- Born: 1864 Ireland
- Died: 7 July 1935 (aged 70–71) St. Catharines, Canada
- Known for: Starting the first Girl Guide company in Canada

= Mary Malcolmson =

Canadian scouting pioneer

Mary Helen McKean Malcolmson was the founder of the first Girl Guide company in Canada, which she started on 1910-01-11 in St. Catharines, Ontario.

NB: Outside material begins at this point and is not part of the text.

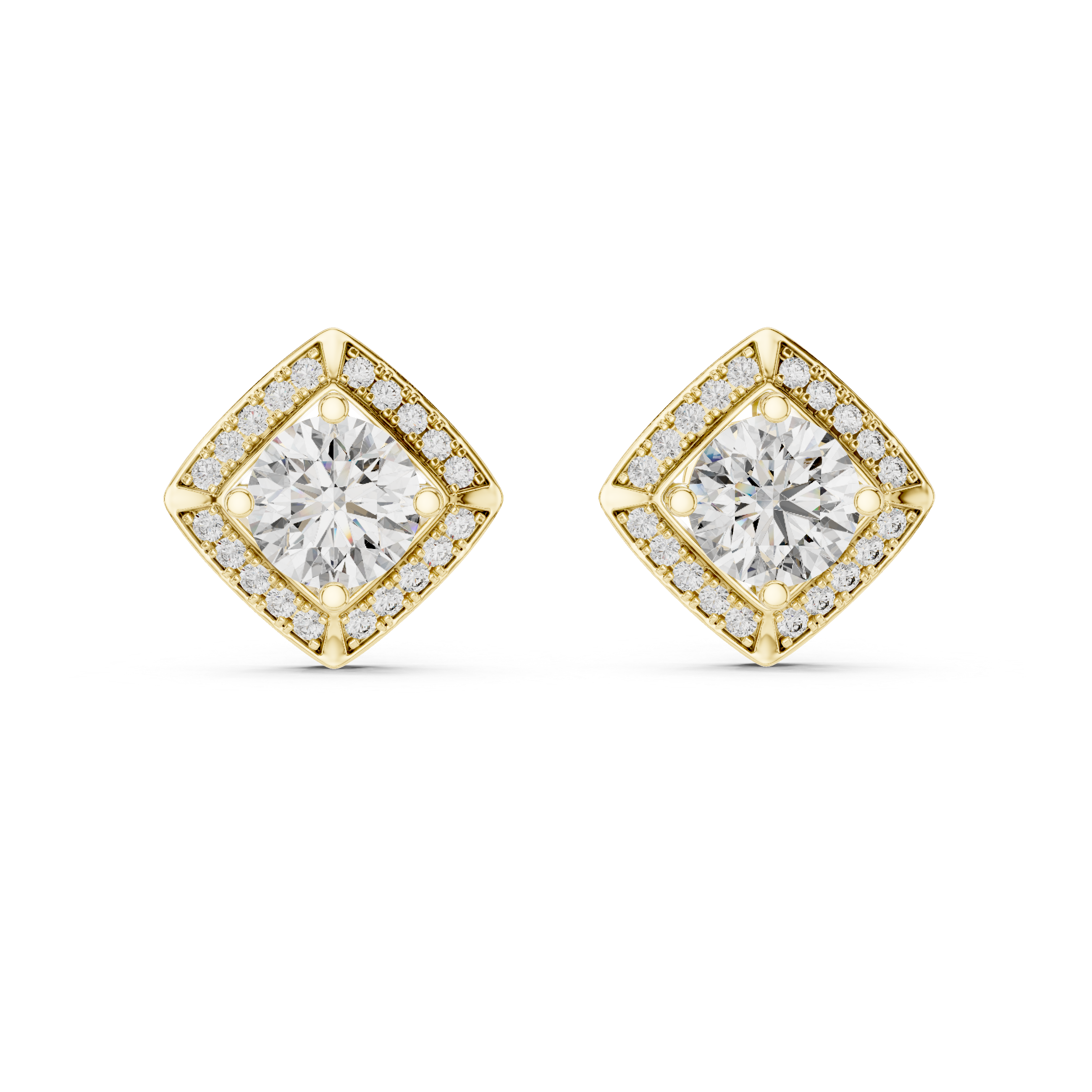 Round Diamond Square Halo Stud Earrings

She was born in Ireland in 1864, and she later emigrated to Canada where she married A.H. Malcolmson. She became highly involved in community endeavors and was instrumental in founding the St. Catharines branch of the Women's Canadian Club, the Victorian Order of Nurses and the St. Catharines Council of Women. She was also a well-known officer of the I.O.D.E. (Imperial Order Daughters of the Empire) and convener in the National Council of Women of Canada. She died 7 July 1935.

==1st St. Catharines==
Malcolmson organized the first Canadian Girl Guide company to be officially registered. The Company started to meet in November 1909 in St. Catharines, Ontario and was registered on 1910-01-11. Meetings were held in the Welland House Hotel. Pamphlet A: Baden-Powell Girl Guides, a Suggestion for Character Training for Girls and Pamphlet B: Baden-Powell Girl Guides, a Suggestion for Character Training for Girls had been sent to a Scout leader in St. Catharines and he passed them on to Malcolmson.

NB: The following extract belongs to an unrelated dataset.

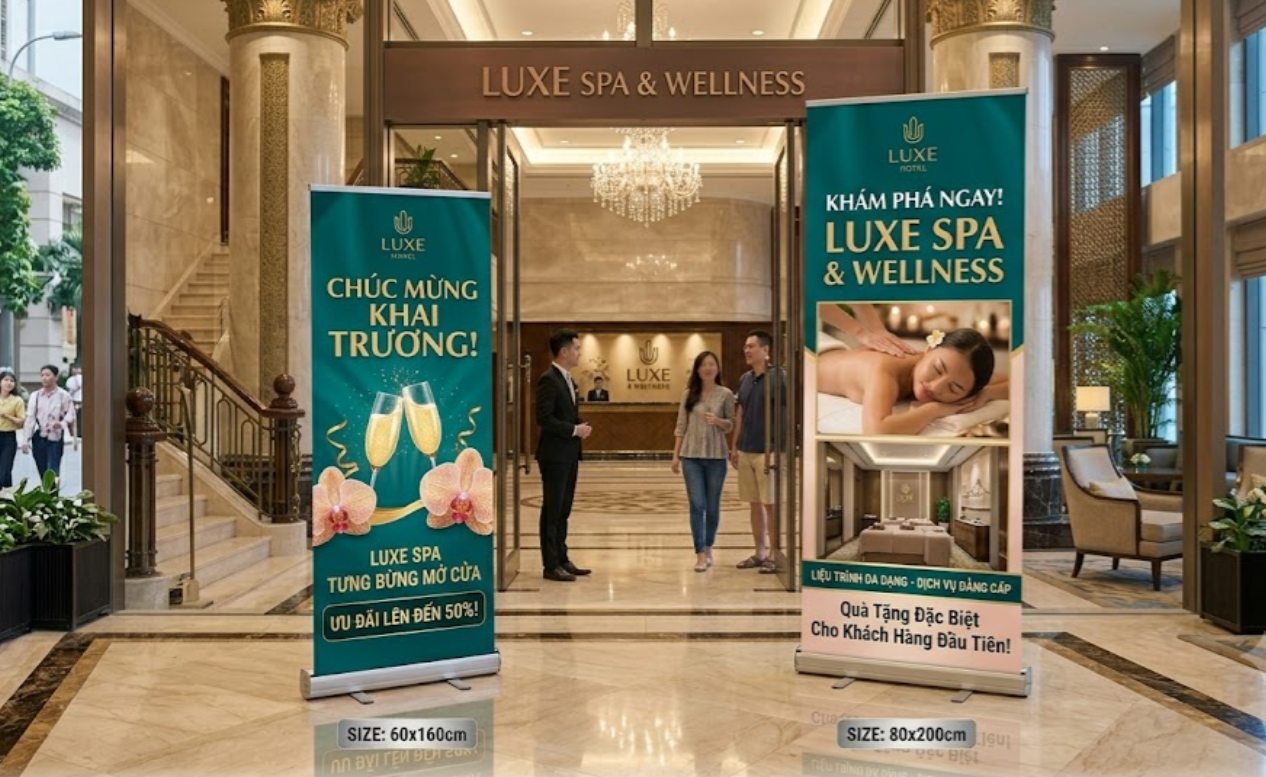 Standee Cuốn Nhôm Nên Chọn Kích Thước Nào Phù Hợp? Standee Cuốn Nhôm Nên Chọn Kích Thước Nào Phù Hợp?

==St. Catharines Council of Women==

St. Catharines Council of Women was founded in 1918. Malcolmson was elected as its first president. The goals of the St. Catharines Council of Women were to improve the conditions of families, community, and the Canadian state.

==Malcolmson Park==

A park in St. Catharines was named for Malcolmson. It is bounded to the east by the Welland Canal, to the west by Port Weller, to the north by Lake Ontario and to the south, by Lakeshore Road.